I’d also like to give a special shout out and congratulations to Zephyr’s company-wide Top Producer, Danielle Lazier.

Britton and I have both been at Zephyr real estate since Day 1 of our career, and we have a great deal of respect for our colleagues, sales managers, administrative team, and everyone else that is on team Zephyr. We couldn’t be the happy and dynamic team that we are if it wasn’t for the awesome staff that surrounds us, and our fellow colleagues that bring their “A-Game” to their business on a daily basis. To every agent out there (top producer or not) that runs an honest, solid, reputable and awesome business, we say thank you and congratulations!

 

Zephyr is #1… or #2?

Statistics.
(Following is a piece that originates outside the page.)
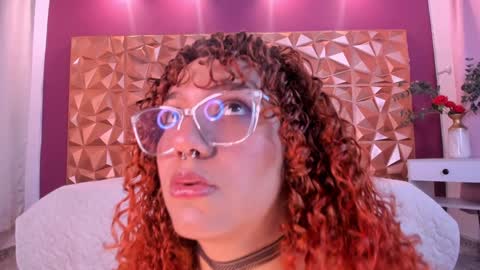 Snapshot of kendall23_ chatting on 12/19/24, 08:23 Kendall online show from 12/19/24, 08:23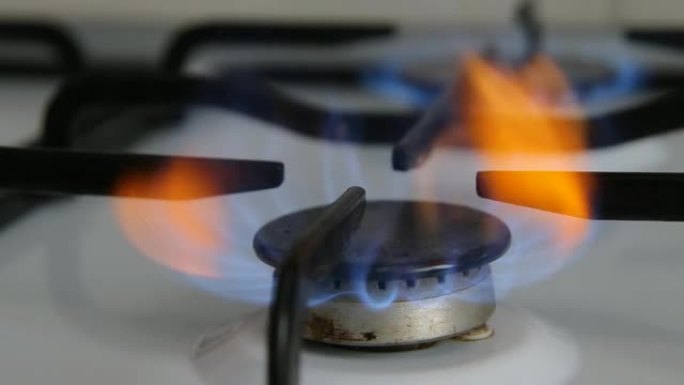 燃气燃烧器。家用燃气。带有杂质的家用气体不会用蓝色火焰燃烧。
You know the trite saying. I recently came across some 2011 San Francisco real estate market share statistics by brokerage. Below is the chart, please click on it for a larger image that is slightly easier to read.

Zephyr 2011 Market Share compared to other SF Brokerages

There are an (almost) infinite number of ways to calculate market share. One of the more common is to look at either units (number of sales) or dollar volume (the combined value of all sales). Real estate brokerages that list expensive property tend to look bigger when you compare dollar volume (even with fewer units, they have a higher market share using dollar volume because of their higher list and sales prices).

The above chart uses dollar volume, and since Zephyr does a broad business and isn’t focused exclusively on luxury listings there are firms on the list that have an average list/sale price that is higher that Zephyr.

The other thing to be aware of is the TRI/Coldwell Banker distinction. TRI, in my experience, operates as a distinct brand and client experience. Invite a TRI agent to your home, and I’m willing to bet that they won’t position themselves as Coldwell Banker agents, but instead as TRI agents – a distinct brand with a unique service/value proposition. That’s not to be negative about either TRI or Coldwell Banker, just the reality that I experience in the San Francisco market.

If we consider TRI and Coldwell Banker as two distinct brands, then Zephyr is number one in 2011 real estate market share by dollar volume, coming in just shy of 10% of the total market, with just shy of one billion dollars in total transactions by dollar. If we lump TRI and Coldwell Banker together, then Coldwell Banker comes in as the largest real estate brokerage in San Francisco with about 15% of the total dollar volume and Zephyr comes in second place.

Either way, I think it is a wonderful testament to the strength and spirit that is Zephyr real estate in San Francisco!

Disclaimers: Data source is BrokerMetrics (which gets its data from the SFAR MLS). Geographic area is SF MLS districts 1 – 10. Time frame is January 1, 2011 – December 17, 2011 (the most current data when the report was generated). All data is believed to be reliable but not warranted. Your mileage may vary. Always wear your seat belt. ;-)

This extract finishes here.